Wilson Chimoco também alinha na ideia de não afectação imediata, directamente.
Segundo disse, não há indicações de que o Governo angolano tenha saldos positivos no Credit Suisse. Todavia, adianta, o mesmo não pode ser dito de investimentos de particulares, mas mesmo que venha a existir, diz não acreditar que sejam suficientes para pressionar a economia angolana. Contudo, em termos indirectos, explica o docente universitário, investigador e consultor da Ngola Papel, pode sim e já está a afectar.

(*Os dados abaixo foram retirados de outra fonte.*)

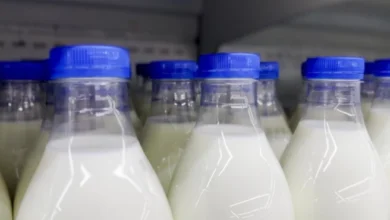 Izvor: Foto Informer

"O que sabemos, até ao momento, é que o que acontece lá fora impacta a economia angolana por três vias: preço de petróleo; risco de crédito do país; e taxas de juro dos activos denominados em moeda estrangeira. E, o que estamos a assistir, (dados das duas últimas semanas, é a queda do preço do petróleo para níveis abaixo do previsto em sede do OGE (75 USD/barril). Em segundo lugar, as agências de notação de risco já estão em alerta e, possivelmente, irão manter as perspectivas de risco ou mesmo baixar a classificação de muitos países, e Angola poderá apanhar por tabela. E por último, os mercados financeiros estão a registar perdas significativas, o que poderá pressionar as participações da Sonangol no exterior - Galp Energy, Millennium BCP, etc - e reduzir a rentabilidade das aplicações das Reservas Internacionais e dos investimentos do Fundo Soberano de Angola”, disse.
Todos estes factores combinados, disse Wilson Chimoco, podem, por arrasto, reduzir a posição do país em moeda estrangeira, pressionar ainda mais a entrada de investimento estrangeiro e reduzir a capacidade do BNA intervir no mercado cambial, se for necessário.
Já Mário Ndala resume que o problema do Credit Suisse poderá ter consequências para Angola se houver algum tipo de envolvimento do banco angolano em transacções suspeitas relacionadas ao país. Se o Credit Suisse for penalizado pelas suas actividades ilícitas, pode haver uma fuga de investidores estrangeiros e uma redução no acesso ao crédito internacional, o que pode prejudicar a economia angolana.